• Mr. Chairman, can you characterize the meeting in terms of, you said strongly differing views? Was this a close call this cut or was it a close call maybe the other way because you had the sense on both sides?
    Steve Leisman
  • Jerome Powell
    I was referring to the discussion about December. We had two dissents, one for a 50 basis point cut and one for no cut. There was a strong solid vote in favor of this cut. The strongly differing views were really about the future—forecasting stronger economic activity, with some forecasters raising economic growth forecasts materially. The labor market is not clearly declining quickly, maybe gradually cooling. People have different forecasts, expectations, and risk tolerance.

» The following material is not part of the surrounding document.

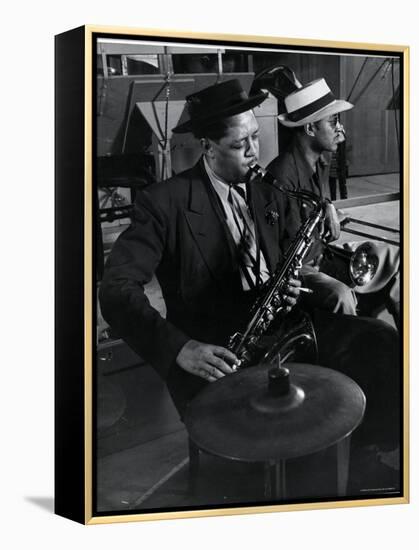 Lester Young and Trombonist at Recording Session for Jammin' the Blues-Gjon Mili-Framed Premier Image Canvas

  • Just to follow up on the balance sheet, if you stop the runoff now, does that mean you will add assets sometime next year so the balance sheet doesn't shrink as a percent of GDP and become a tightening factor?
    Steve Leisman
  • Jerome Powell
    On December 1, the size of the balance sheet is frozen; as mortgage-backed securities mature we will reinvest in Treasury bills leading to a shorter duration balance sheet. If the size remains frozen, non-reserve liabilities like currency grow organically, leading to further shrinkage in reserves, which have to remain ample. At some point, reserves will need to grow gradually with the banking system and economy size. We'll be adding reserves eventually. There is also discussion about moving the balance sheet to have a duration closer to outstanding Treasury securities. This will take a long time and move gradually. These changes are not expected to noticeably affect market conditions.